When the depicted process for the armed forces must be seen as difficult, that for the police was even more difficult. The reason for that might be seen in the wide spread structure with a variety of different responsibilities. One very positive exception was the police hospital in the middle of Kabul, which showed a professionalism near to the army hospital. Notwithstanding that, it was a unanimous opinion of all responsible leaders, that a performing Medical Service is one of the bases for a successful Afghan take over of responsibility.

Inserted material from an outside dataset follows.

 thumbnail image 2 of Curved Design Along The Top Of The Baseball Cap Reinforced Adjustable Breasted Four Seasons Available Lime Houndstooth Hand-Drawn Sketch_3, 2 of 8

Reconstruction of the Afghan civilian health system
The last but most exciting task was the assistance in the reconstruction of the Afghan civilian medial service. The Afghan civilian medical service has succeeded in a sharp reduction of birth death and has contributed to a massively prolonged life expectance. However, the deep dependence on humanitarian assistance by foreign countries had to be overcome. For that, a medical council on the level of medical educated parliamentarian deputies had been convened in order to work out a first draft of medical regulating laws, which could be used as a very basic level of quality management. The incumbents were highly medical skilled and had been educated in foreign countries, so as an exception, direct communication was possible. Indeed, a high variety of suggestions and proposals were discussed and some results became part of a protocol. The problem shown not only in the medical field was the fact that the technical level was unquestionable. However, the problem had to be seen in the realization. Even the proposal of a parliamentarian discussion was severely discussed in this council. Only the way ahead was still complicated. In the end, it was clear, that Afghanistan would be depended on international aid for quite some time. This opinion was unanimously shared between all stakeholders in Afghanistan.
No article about the participation in a military mission might be without the final question whether the effort really had its merit. This should of course not be answered in regard to the political question of one nations’ participation but rather on a very personal level. The risk, the threat, the absence from home and the need for military additional education has to be balanced with the job satisfaction, the comradeship and the effect to the people of Afghanistan. From my very personal point of view, this country deserved the attendance of our troops.